Os seres humanos são conhecidos por consumir as minúsculas partículas de plástico por meio de alimentos e água, mas os efeitos potenciais sobre a saúde das pessoas e dos ecossistemas ainda precisam ser determinados. Um estudo, em Cingapura, descobriu que os microplásticos podem abrigar micróbios nocivos.

A nova análise no Reino Unido encontrou contaminação microplástica em todos os 10 lagos, rios e reservatórios amostrados. Mais de 1.000 pequenos pedaços de plástico por litro foram encontrados no Rio Tame, perto de Manchester, que foi revelado no ano passado como o local mais poluído já testado no mundo. Mesmo em locais relativamente remotos, como Dochart Falls e Loch Lomond na Escócia, duas ou três peças foram encontradas por litro.

"Foi fantástico. Não esperávamos encontrar tanto ”, disse Christian Dunn, da Bangor University, País de Gales, que liderou o trabalho. “É muito deprimente que estivessem em alguns dos locais mais emblemáticos do nosso país. Tenho certeza de que Wordsworth não ficaria feliz em descobrir que sua amada Ullswater, no Lake District, estava contaminada com plástico.

“Os microplastos estão absolutamente em toda parte [mas] não sabemos quais perigos eles podem representar. Não adianta olhar 20 anos para trás e dizer: "Se ao menos tivéssemos percebido como foi ruim." Precisamos monitorar nossas águas agora e devemos pensar, como país e como mundo, como podemos reduzir nossa dependência do plástico. ”

Descobriu-se que o rio Tâmisa, em Londres, tinha cerca de 80 partículas microplásticas por litro, assim como o rio Cegin, no norte do País de Gales. O rio Blackwater em Essex tinha 15 anos. Ullswater tem 30 e o reservatório Llyn Cefni em Anglesey, 40.

Microplásticos demonstraram prejudicar a vida marinha quando confundidos com alimentos e foram encontrados em todos os mamíferos marinhos estudados em uma pesquisa recente no Reino Unido. Foi revelado em 2017 que eles estavam em água de torneira em todo o mundo e em outubro para serem consumidos por pessoas na Europa, Japão e Rússia.

“O microplástico foi encontrado em nossos rios, nossas montanhas mais altas e nossos oceanos mais profundos”, disse Julian Kirby, um ativista de plásticos da Friends of the Earth que ajudou a coletar amostras de água para o novo estudo no Reino Unido. Ele pediu aos parlamentares que apoiassem a legislação "para reduzir drasticamente o fluxo de poluição por plástico que está arruinando nosso meio ambiente".

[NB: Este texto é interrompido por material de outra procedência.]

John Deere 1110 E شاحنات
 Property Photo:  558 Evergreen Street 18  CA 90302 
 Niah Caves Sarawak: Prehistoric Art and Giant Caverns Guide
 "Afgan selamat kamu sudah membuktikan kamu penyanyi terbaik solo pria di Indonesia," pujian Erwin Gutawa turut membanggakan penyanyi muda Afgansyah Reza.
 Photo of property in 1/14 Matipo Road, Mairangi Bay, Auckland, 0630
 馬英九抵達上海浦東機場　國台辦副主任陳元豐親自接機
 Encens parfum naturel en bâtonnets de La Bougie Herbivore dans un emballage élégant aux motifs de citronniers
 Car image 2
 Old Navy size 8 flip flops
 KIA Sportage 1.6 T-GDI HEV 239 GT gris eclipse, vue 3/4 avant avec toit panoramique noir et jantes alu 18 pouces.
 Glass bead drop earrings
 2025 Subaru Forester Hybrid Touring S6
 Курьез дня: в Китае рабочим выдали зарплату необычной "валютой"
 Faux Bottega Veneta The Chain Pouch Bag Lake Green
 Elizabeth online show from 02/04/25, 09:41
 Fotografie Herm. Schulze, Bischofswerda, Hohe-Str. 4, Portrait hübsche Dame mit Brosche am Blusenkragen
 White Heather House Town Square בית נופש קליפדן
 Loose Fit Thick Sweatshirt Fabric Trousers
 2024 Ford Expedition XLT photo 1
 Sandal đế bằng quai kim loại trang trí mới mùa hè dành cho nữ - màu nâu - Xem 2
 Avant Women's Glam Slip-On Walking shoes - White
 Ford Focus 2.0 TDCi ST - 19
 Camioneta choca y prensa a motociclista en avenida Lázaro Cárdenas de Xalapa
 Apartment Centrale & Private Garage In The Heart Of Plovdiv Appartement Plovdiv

Uma pesquisa da Universidade Nacional de Cingapura encontrou mais de 400 tipos de bactérias em 275 pedaços de microplástico coletados nas praias locais. Eles incluíram insetos que causam gastroenterites e infecções de feridas em humanos, bem como aqueles relacionados ao branqueamento de recifes de coral.

Definidos como menores que 5 mm de tamanho, microplásticos também foram encontrados no subsolo em aquíferos de calcário em Illinois, EUA, a um nível de 15 partículas por litro. Este tipo de fonte de água subterrânea fornece cerca de um quarto da água potável do mundo.

Outros estudos recentes encontraram microplásticos em criaturas de fundo e sedimentos retirados do Mar do Norte e do Mar de Barents. Altas concentrações também foram encontradas no curso médio e inferior do rio Yangtze e na costa mediterrânea da Espanha.

Microplásticos são liberados de roupas sintéticas, pneus de veículos e pelotas de plástico derramadas usadas pelos fabricantes. A decomposição física do lixo plástico também os cria. A chuva os lava nos rios e no mar, mas também podem ser arrastados e acabar nos campos quando os resíduos do esgoto são usados ​​como fertilizantes.

Kirsten Thompson, da Universidade de Exeter, que está trabalhando com o Greenpeace em uma pesquisa de microplásticos nos principais rios do Reino Unido, disse: "Esperamos que nossa pesquisa ajude a descobrir exatamente de onde vem esse plástico e que impacto ele pode ter."